**WHAT YOU NEED TO DO:**
In the material below, find the line containing "Can Holder — Name Vertical in White" and the line containing "Oxford Handbook of". Output those two lines and all lines between them exactly, without pictures.

**DATA:**
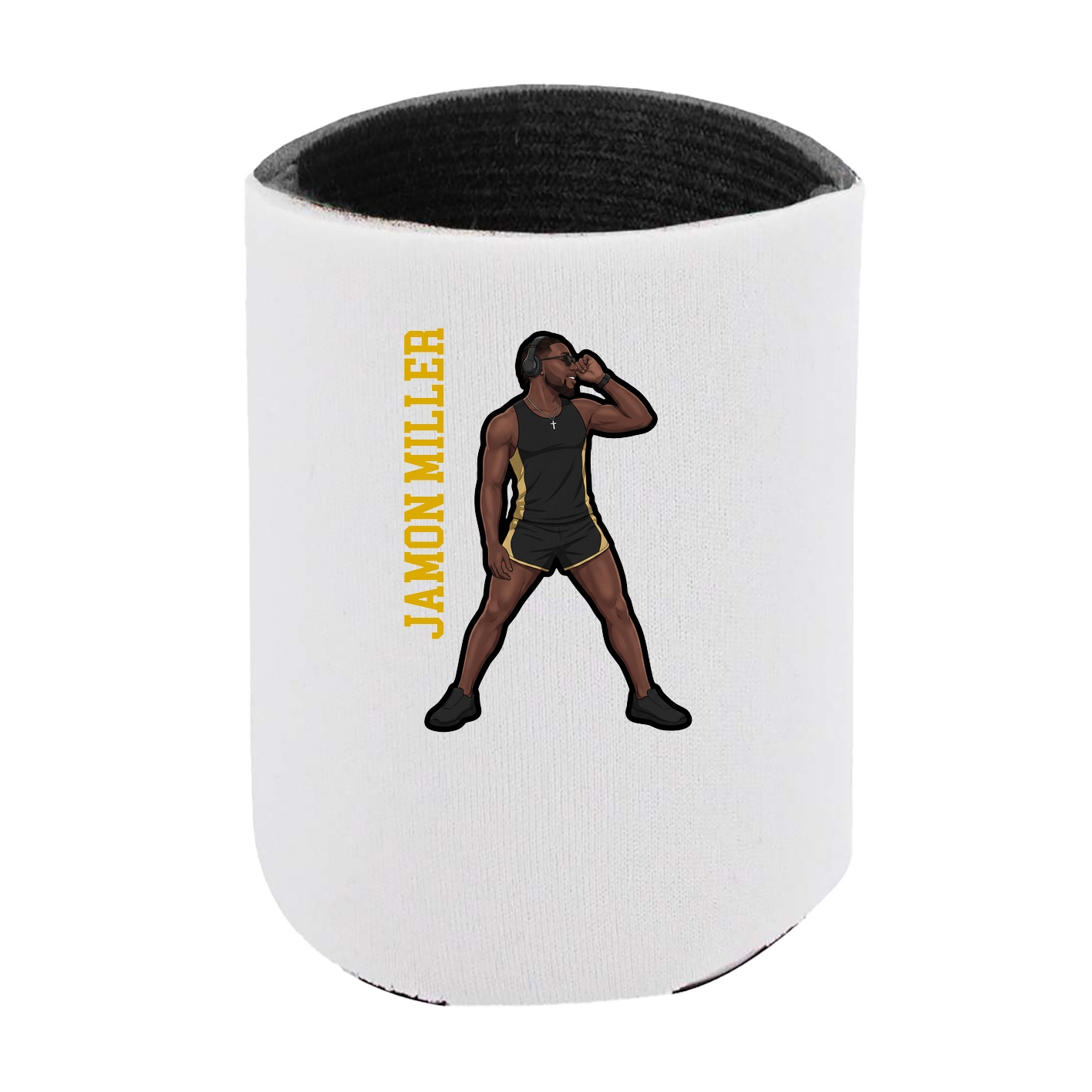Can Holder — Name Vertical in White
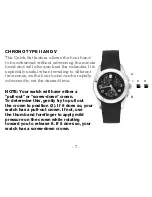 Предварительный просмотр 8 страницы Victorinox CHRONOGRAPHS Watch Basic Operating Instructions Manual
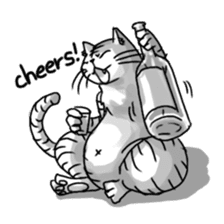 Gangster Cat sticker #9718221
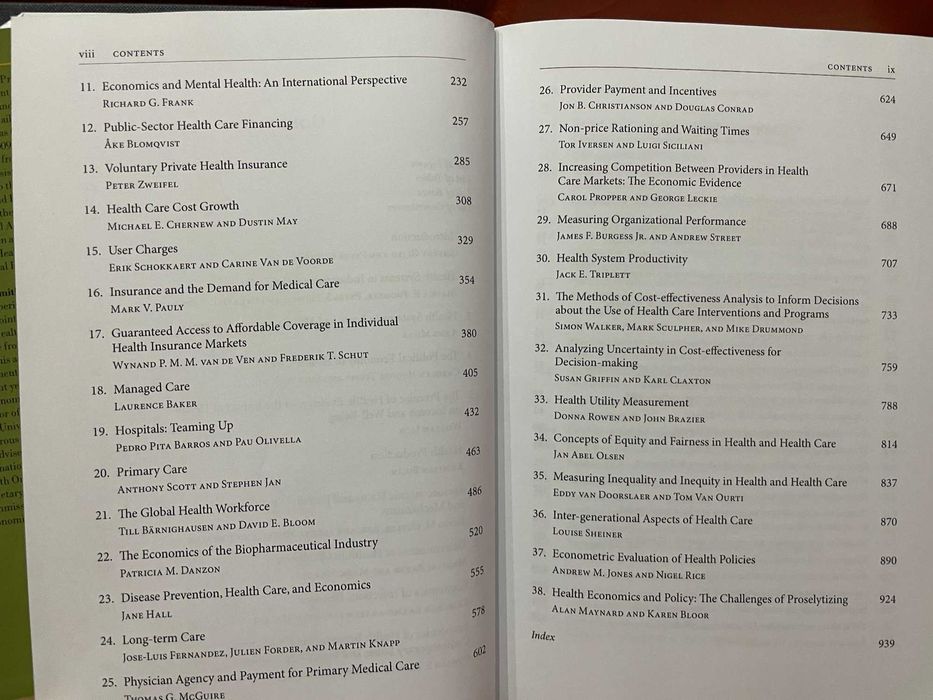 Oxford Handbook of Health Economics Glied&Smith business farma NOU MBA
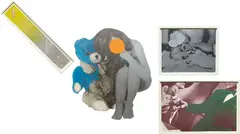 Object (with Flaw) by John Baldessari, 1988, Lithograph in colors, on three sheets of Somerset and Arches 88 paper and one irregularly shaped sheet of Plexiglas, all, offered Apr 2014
==
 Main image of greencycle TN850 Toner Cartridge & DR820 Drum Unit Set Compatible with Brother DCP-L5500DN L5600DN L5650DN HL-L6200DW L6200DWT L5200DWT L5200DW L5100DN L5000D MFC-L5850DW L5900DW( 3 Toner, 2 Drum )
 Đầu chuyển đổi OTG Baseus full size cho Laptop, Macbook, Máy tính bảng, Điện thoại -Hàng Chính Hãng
...
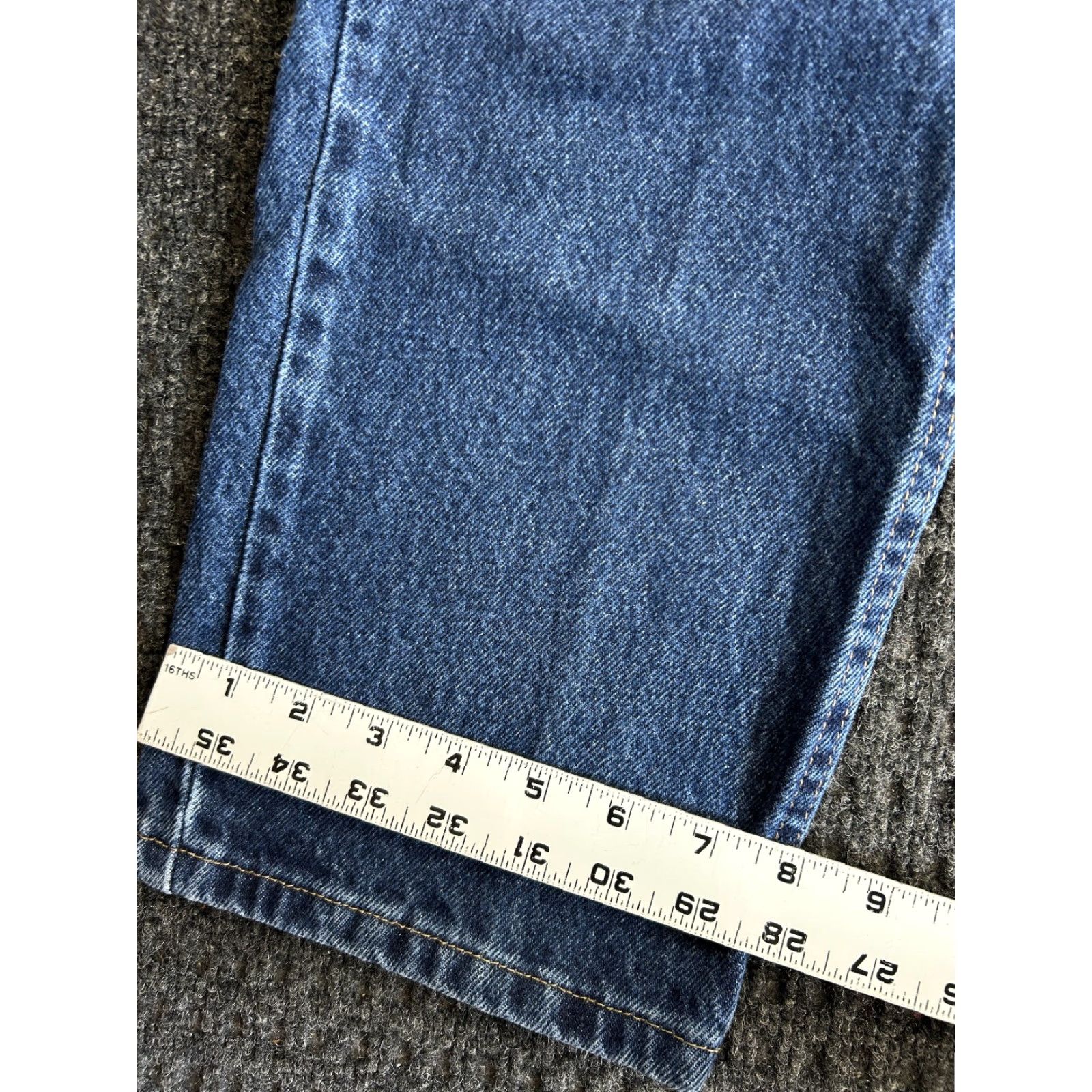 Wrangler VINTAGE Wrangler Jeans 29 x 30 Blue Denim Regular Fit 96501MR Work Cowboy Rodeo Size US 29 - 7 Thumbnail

**YOUR RESPONSE:**
Can Holder — Name Vertical in White
 Предварительный просмотр 8 страницы Victorinox CHRONOGRAPHS Watch Basic Operating Instructions Manual
 Gangster Cat sticker #9718221
 Oxford Handbook of Health Economics Glied&Smith business farma NOU MBA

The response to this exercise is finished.